[Opening Exercise inputs section]

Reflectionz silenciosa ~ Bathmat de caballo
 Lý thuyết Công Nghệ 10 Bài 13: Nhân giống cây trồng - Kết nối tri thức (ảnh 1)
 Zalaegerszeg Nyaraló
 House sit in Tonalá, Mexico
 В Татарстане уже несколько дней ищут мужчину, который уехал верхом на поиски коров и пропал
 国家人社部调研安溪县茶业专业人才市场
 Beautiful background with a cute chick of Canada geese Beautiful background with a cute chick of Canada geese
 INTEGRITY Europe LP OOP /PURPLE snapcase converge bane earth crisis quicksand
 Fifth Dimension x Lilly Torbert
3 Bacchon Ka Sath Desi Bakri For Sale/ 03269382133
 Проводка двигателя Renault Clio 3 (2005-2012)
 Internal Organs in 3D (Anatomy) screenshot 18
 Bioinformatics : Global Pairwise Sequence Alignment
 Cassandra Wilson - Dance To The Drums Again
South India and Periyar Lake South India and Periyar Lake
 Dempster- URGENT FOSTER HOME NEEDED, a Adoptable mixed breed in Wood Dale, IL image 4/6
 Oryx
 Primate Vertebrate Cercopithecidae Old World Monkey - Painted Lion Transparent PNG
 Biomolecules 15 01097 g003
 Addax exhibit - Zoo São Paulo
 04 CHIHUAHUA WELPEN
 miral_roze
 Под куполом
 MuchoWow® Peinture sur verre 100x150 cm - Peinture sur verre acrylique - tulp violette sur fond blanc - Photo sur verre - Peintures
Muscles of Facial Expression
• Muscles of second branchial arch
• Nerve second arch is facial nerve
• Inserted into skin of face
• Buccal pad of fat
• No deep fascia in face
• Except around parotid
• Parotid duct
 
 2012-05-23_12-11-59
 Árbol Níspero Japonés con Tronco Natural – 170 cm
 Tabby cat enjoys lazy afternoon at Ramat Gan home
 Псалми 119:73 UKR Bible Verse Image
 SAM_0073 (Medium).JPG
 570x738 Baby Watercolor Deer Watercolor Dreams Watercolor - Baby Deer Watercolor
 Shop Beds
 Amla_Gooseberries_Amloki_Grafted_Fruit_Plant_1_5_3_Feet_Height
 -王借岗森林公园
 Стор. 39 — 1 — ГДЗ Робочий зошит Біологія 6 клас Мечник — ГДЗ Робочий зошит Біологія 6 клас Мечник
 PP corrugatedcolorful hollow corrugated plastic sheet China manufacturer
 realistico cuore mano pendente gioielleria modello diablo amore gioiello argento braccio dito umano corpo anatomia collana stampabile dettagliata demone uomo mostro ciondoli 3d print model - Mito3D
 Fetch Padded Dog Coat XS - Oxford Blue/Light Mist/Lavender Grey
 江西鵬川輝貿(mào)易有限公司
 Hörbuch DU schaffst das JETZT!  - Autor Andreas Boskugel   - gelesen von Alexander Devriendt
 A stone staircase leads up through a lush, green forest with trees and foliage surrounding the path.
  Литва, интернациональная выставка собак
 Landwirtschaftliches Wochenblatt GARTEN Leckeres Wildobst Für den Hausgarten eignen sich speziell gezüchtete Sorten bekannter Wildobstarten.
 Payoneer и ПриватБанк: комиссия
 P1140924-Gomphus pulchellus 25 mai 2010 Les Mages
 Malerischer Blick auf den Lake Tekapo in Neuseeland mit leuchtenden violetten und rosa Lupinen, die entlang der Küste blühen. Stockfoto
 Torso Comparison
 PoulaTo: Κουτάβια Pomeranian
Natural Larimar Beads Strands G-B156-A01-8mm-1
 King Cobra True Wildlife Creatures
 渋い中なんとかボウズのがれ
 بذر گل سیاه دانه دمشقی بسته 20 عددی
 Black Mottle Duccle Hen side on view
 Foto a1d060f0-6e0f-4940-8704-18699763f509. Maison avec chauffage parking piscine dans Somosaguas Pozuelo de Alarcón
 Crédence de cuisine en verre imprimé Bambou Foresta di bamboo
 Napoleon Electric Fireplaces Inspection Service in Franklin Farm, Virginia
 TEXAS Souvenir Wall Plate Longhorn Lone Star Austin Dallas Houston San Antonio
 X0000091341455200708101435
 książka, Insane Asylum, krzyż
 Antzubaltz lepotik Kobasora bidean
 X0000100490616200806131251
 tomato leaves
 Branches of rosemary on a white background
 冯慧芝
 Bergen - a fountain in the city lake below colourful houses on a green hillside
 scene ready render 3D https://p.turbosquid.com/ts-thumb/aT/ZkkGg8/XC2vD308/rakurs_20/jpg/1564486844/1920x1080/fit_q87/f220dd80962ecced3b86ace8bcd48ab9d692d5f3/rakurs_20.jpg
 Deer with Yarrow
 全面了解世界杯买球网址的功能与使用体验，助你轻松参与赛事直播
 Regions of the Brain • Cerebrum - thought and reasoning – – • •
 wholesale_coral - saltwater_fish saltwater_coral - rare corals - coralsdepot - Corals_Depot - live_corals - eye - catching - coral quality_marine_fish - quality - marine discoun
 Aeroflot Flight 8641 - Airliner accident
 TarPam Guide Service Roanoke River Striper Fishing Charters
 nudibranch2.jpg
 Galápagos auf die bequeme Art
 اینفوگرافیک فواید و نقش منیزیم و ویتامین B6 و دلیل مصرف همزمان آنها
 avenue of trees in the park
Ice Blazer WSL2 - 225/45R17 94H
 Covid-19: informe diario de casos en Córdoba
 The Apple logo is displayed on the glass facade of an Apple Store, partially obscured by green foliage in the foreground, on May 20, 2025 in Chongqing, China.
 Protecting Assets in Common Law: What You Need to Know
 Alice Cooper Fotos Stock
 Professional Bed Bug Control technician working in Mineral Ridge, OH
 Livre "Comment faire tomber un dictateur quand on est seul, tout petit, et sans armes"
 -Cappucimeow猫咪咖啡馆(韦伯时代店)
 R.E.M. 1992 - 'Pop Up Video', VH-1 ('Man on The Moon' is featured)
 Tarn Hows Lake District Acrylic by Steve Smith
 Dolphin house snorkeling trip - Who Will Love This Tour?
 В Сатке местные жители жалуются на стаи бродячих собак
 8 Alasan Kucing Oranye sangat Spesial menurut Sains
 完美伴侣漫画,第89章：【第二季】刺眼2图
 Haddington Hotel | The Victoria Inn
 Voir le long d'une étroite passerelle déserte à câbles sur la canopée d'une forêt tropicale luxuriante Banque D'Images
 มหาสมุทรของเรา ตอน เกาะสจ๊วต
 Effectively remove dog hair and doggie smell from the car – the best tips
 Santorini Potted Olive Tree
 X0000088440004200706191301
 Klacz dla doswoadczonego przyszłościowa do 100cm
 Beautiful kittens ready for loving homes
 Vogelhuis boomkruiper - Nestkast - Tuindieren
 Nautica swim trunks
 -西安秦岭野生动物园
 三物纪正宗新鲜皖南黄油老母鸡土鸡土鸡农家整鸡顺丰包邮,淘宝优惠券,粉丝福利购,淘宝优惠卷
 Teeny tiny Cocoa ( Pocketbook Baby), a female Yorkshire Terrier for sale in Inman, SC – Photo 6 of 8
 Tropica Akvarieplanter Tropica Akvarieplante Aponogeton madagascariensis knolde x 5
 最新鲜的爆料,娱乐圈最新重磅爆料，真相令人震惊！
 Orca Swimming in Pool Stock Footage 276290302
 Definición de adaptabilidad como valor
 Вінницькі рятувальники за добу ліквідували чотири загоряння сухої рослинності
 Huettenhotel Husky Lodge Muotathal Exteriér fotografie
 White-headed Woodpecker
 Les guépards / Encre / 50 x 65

[Closing Exercise inputs section]

## Problem requirements
Output the lines above exactly, but only those between the line holding "Effectively remove dog" and the line holding "Teeny tiny Cocoa", inclusive.

## Result for this exercise
 Effectively remove dog hair and doggie smell from the car – the best tips
 Santorini Potted Olive Tree
 X0000088440004200706191301
 Klacz dla doswoadczonego przyszłościowa do 100cm
 Beautiful kittens ready for loving homes
 Vogelhuis boomkruiper - Nestkast - Tuindieren
 Nautica swim trunks
 -西安秦岭野生动物园
 三物纪正宗新鲜皖南黄油老母鸡土鸡土鸡农家整鸡顺丰包邮,淘宝优惠券,粉丝福利购,淘宝优惠卷
 Teeny tiny Cocoa ( Pocketbook Baby), a female Yorkshire Terrier for sale in Inman, SC – Photo 6 of 8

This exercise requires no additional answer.